At some point I might try this out, but for now I’m sticking with the simple approach of using TrueNAS Scale with any type of zpool you want, and dynamically provisioning NFS or iSCSI using democratic-csi.

What About Mayastor?

I tried getting this to work because the Talos team recommends it if you don’t want to do a full blown Ceph cluster, etc. I was also super interested in the fact that it uses NVMe-oF which is a newer protocol (basically a modern replacement for iSCSI). I wasn’t able to get it working, but I discovered a little bit about it and decided to keep it simpler for the following reasons:

• I only have a single disk currently, so I don’t need any replicated storage
• It seems to be more resource intensive than democratic-csi and has more components.
• The documentation is kind of hectic. It used to be Mayastor, but now it’s OpenEBS Replicated PV Mayastor or something. When deploying, it’s hard to tell if I’m deploying other OpenEBS stuff I don’t need or what exactly PV type I need. I think you need one type of PV to store data for one of the components even if you are ultimately trying to run the replicated PV type (mayastor) for your primary cluster storage. I don’t know, it was confusing.

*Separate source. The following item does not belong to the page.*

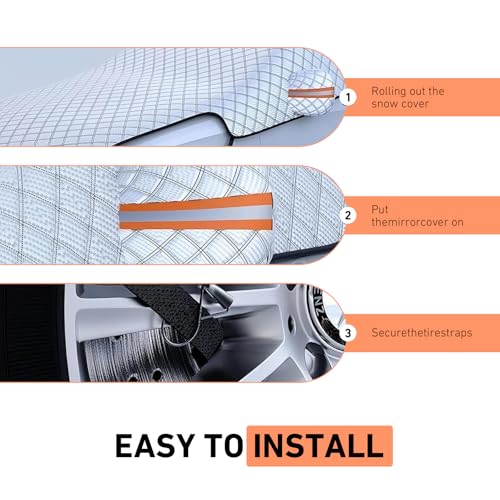 Yekoaru Heavy Duty Winter Car Snow Cover, Thickened Enlarge Hail Protector Cover, Waterproof Windshield Frost Cover with Side Window & Rearview Mirror, Fit for Most Cars (Silver)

My failure to get this working is 100% a skill issue, but going back to my requirements I really don’t need this for my homelab at this point. I may revisit this in the future.

What About Ceph?

I would need enough disks and resources to run Ceph. It’s something I really want to test out and potentially use, although probably way overkill for my homelab. I’m currently running 2 Minisforum MS-01 servers and planning on getting a third to do a true Proxmox cluster and replace my old 2U power hungry server. At that point, I might actually give Ceph a shot (trying both the Proxmox Ceph installation and also Rook/Ceph on top of Kubernetes). This would solve for truly HA storage, plus meet all other requirements I have, assuming I don’t add a requirement for low resource utilization just to run storage.